Lasso on synthetic data :

In [None]:
import matplotlib.pyplot as plt
import numpy as np
import pandas as pd

breakCheckValue = 1e-3


# Checks to see if values of w are changing enough to continue
# the coordinate Descend algorithm.
def breakCheck(w_1, w_2):
    if (np.any(np.abs(np.add(w_1, -w_2)) > breakCheckValue)):
        return True
    return False


# coordinate Descend
def coordDescend(X, Y, lambda_, w_initial):
    n_, d_ = np.shape(X)

    w = np.copy(w_initial)
    breakCondition = True
    
    # commented out since data is regularized
    # X_ = (X - train_mean) / train_sigma
    X_ = X

    b = np.mean(Y - np.matmul(w.reshape(1, d_), np.transpose(X_)))
    # sanity check
    oldVal = np.matmul((Y - np.matmul(w.reshape(1, d_), X_.T) - b),
                       (Y - np.matmul(w.reshape(1, d_), X_.T) - b).T) + lambda_ * np.sum(np.abs(w))

    a = np.empty(d_)
    for k in range(0, d_):
        a[k] = 2 * np.matmul(X_[:, k], X_[:, k])

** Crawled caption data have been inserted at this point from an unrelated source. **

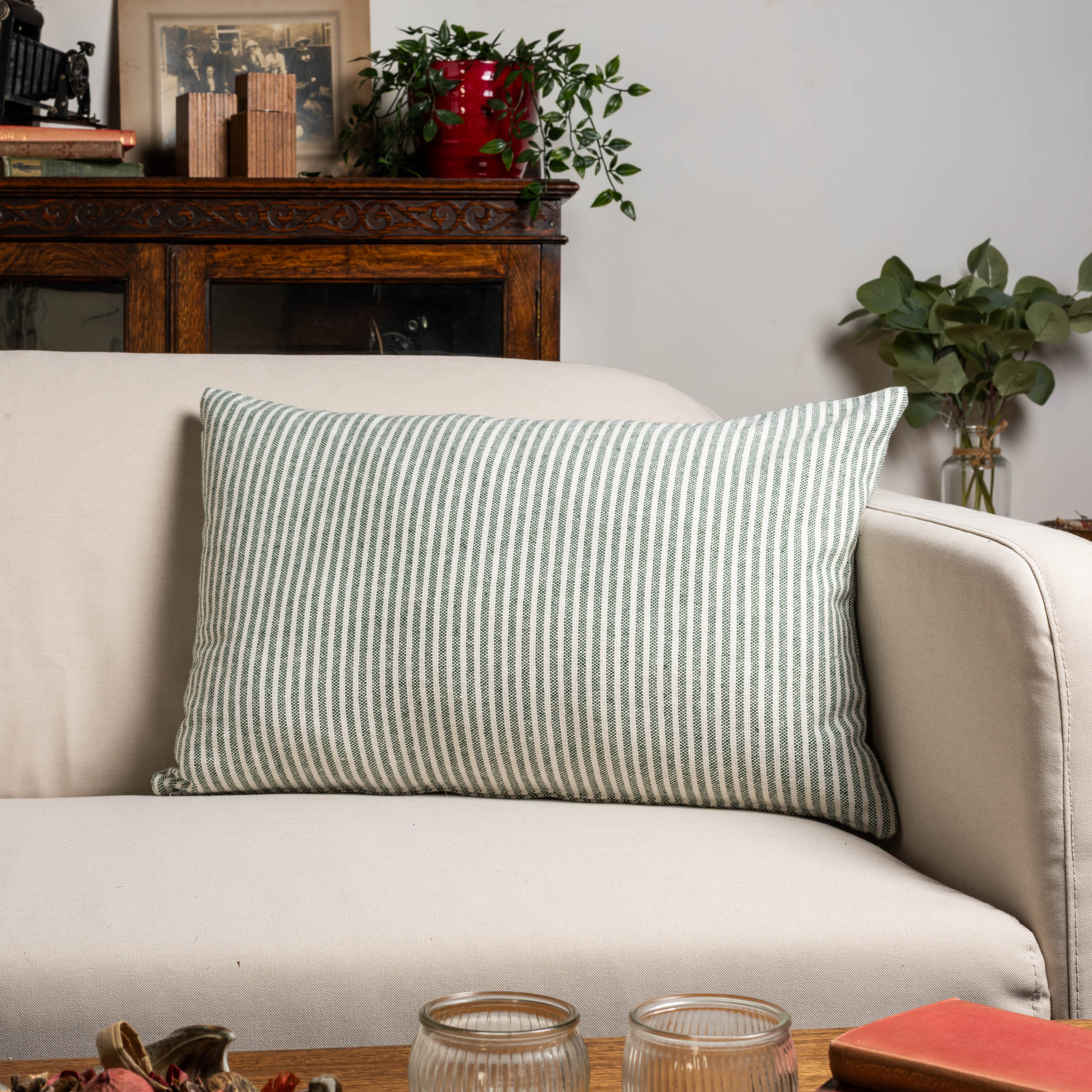 Woven Ticking Stripe XL Rectangular Cushion in Hunter Green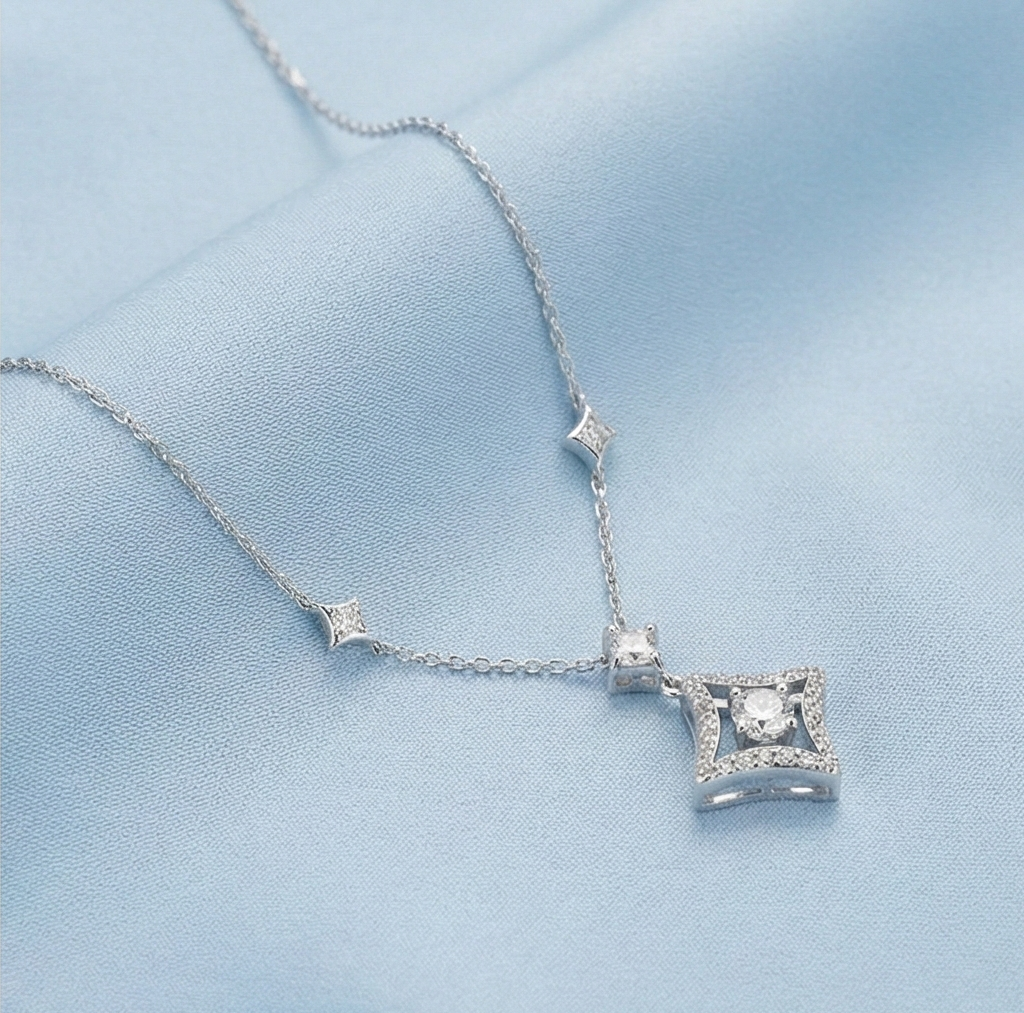925 Sterling Silver Geometric Pendant Necklace Rhodium Plated Jewellery for Women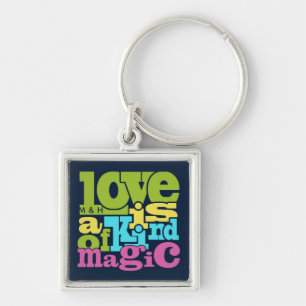Magical Love custom monogram key chain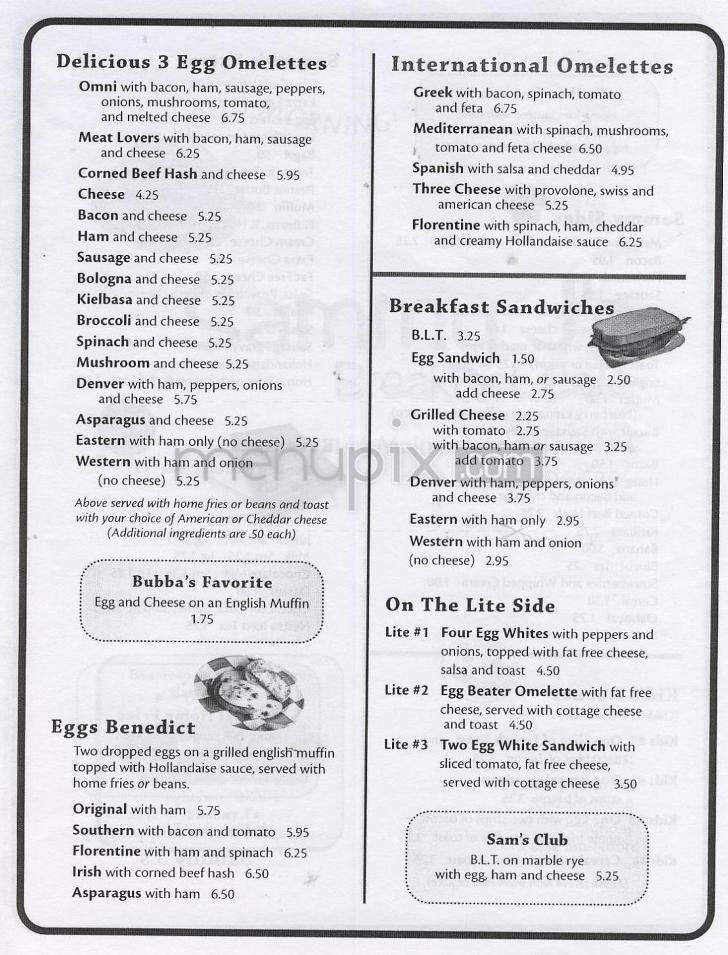 Sammy J's Breakfast Cafe - Salem, NH menu_pic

    while (breakCondition):
        b = np.mean(Y - np.matmul(w.reshape(1, d_), np.transpose(X_)))
        w_old = np.copy(w)
        for k in range(0, d_):
            X_c = np.delete(X_, k, axis=1)
            w_c = np.delete(w, k)
            c_k = 2 * np.matmul(Y - b - np.matmul(X_c, w_c), X_[:, k])

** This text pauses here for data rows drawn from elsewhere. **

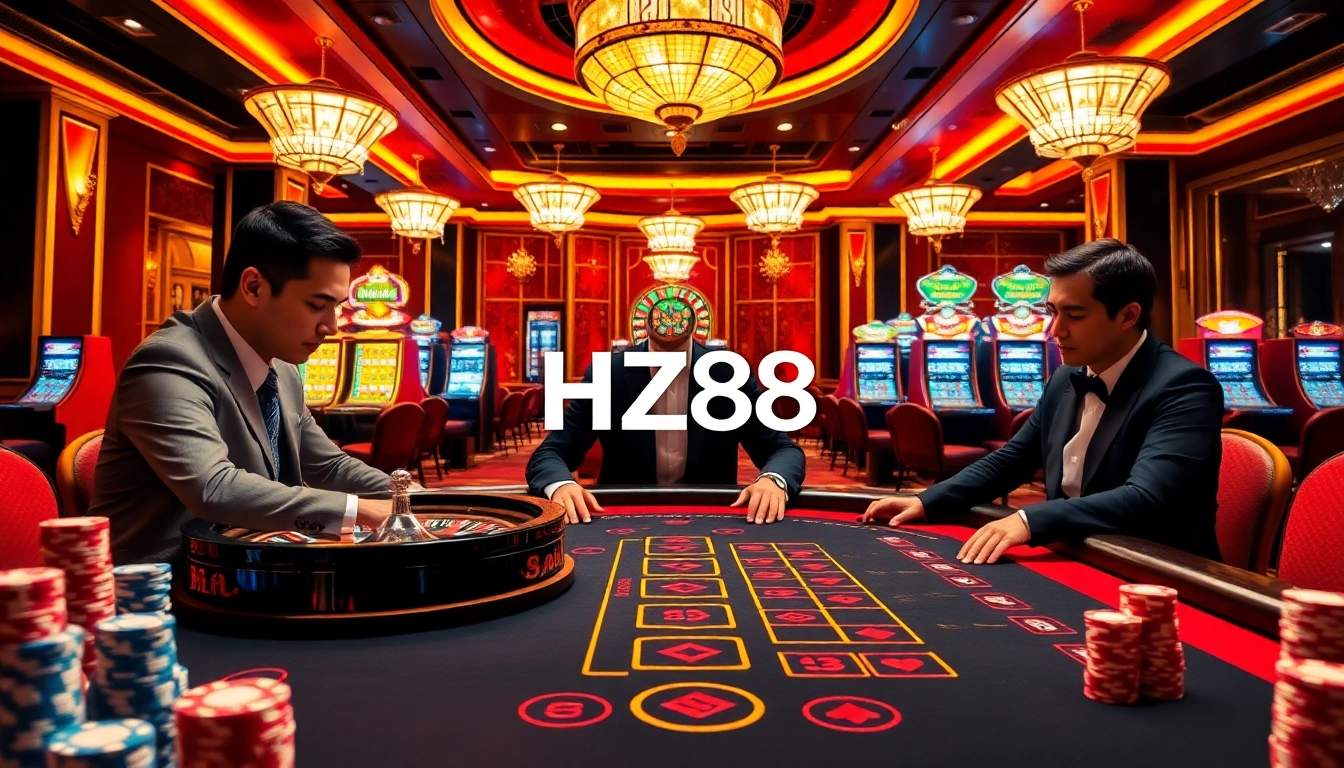 Experience the luxury of HZ88 with professional baccarat gameplay and vibrant casino elements.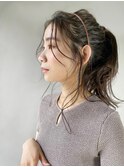 本八幡×ヘアセット×黒髪×艶髪×大人のポニーテール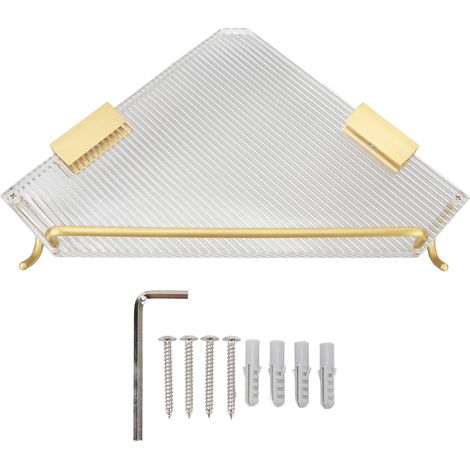 Étagère de douche d'angle en aluminium et acrylique, mural, rangement pour salle de bain, WC, dortoir ou cuisine, avec crochet. (1/5)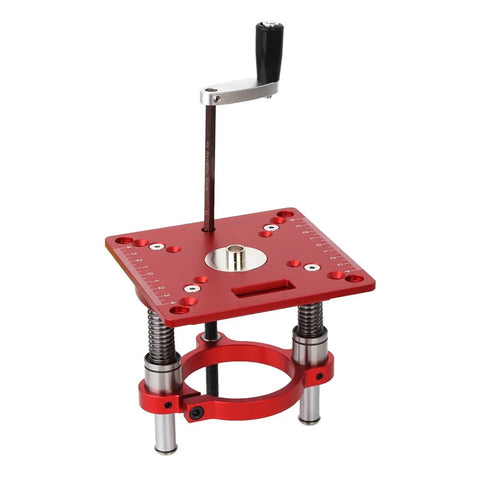 Heavy Duty Aluminum Router Lift Base With Precision Router Table Insert Plate For Woodworking Table Saw And Trimmer Machine, red with adjustable handle.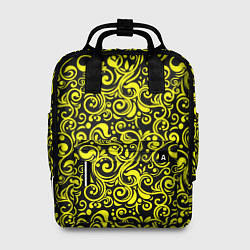 Рюкзак женский Желтые узоры, цвет: 3D-принт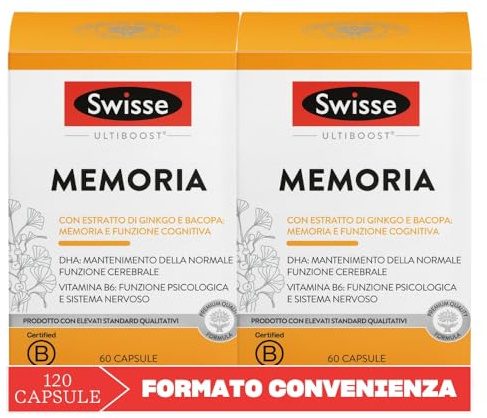 SWISSE Ultiboost- Integratori Memoria con Bacopa Monnieri e Ginkgo Biloba per Mantenimento Funzione Cognitiva, Integratore con DHA per Supporto Normale Funzione Cerebrale, Made in Italy, 120 Capsule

            if c_k < -lambda_:
                w[k] = (c_k + lambda_) / a[k]
            elif c_k > lambda_:
                w[k] = (c_k - lambda_) / a[k]
            else:
                w[k] = 0
            # sanity check - checking that it is reducing all the time
        newVal = np.matmul((Y - np.matmul(w.reshape(1, d_), X_.T) - b),
                           (Y - np.matmul(w.reshape(1, d_), X_.T) - b).T) + lambda_ * np.sum(np.abs(w))
        if newVal > oldVal:
            print("Sanity Check Error!")
        oldVal = np.copy(newVal)
        breakCondition = breakCheck(w, w_old)
    print(lambda_)
    return w, b


def lambdaMax(X, Y):
    return np.max(2 * np.dot((Y - np.mean(Y)), X))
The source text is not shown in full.